What I've read suggests that the infusion of Angle, Saxon, and Jutish blood was pretty significant.

Ditto.  And I figured someone serving Her Majesty the Queen would know better.
"If you can play a guitar and harmonica at the same time, like Bob Dylan or Neil Young, you're a genius. But make that extra bit of effort and strap some cymbals to your knees, suddenly people want to get the hell away from you."  --Rich Hall

crazy canuck

Quote from: Queequeg on November 29, 2013, 12:02:39 PM
Reading The Prague Cemetery



:wub:


Quoteit's kind of amazing how completely divided 19th Century Italy was.  I knew what it was like linguistically, but Simonini, the hilariously bigoted narrator...

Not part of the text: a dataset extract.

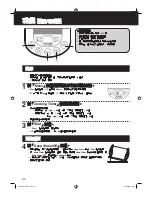 Preview for 42 page of Panasonic SR-TMJ181 Operating Instructions Manual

This is a wonderful literary device as you will come to appreciate as you go further in the book and which we can discuss later so as not to ruin it for you.

crazy canuck

Quote from: derspiess on November 29, 2013, 04:05:33 PM
Quote from: Admiral Yi on November 29, 2013, 03:17:21 PM
Quote from: Barrister on November 29, 2013, 03:12:05 PM
I would disagree that Scots / Welsh / Irish / English derive from different ethnic stocks.  The languages have different origins, but my understanding is that genetically the people of the British Isles are practically identical.  The same basic stock of people has been on the isles for millenia, each speaking different celtic variants, but that England, being conquered in turn by the Romans, Danes and Normans, adopted the language of their conquerors and turned it into english.

What I've read suggests that the infusion of Angle, Saxon, and Jutish blood was pretty significant.

Ditto.  And I figured someone serving Her Majesty the Queen would know better.

You and Yi are thinking of the old theories of migration that have been significantly altered by the more recent studies BB is thinking of.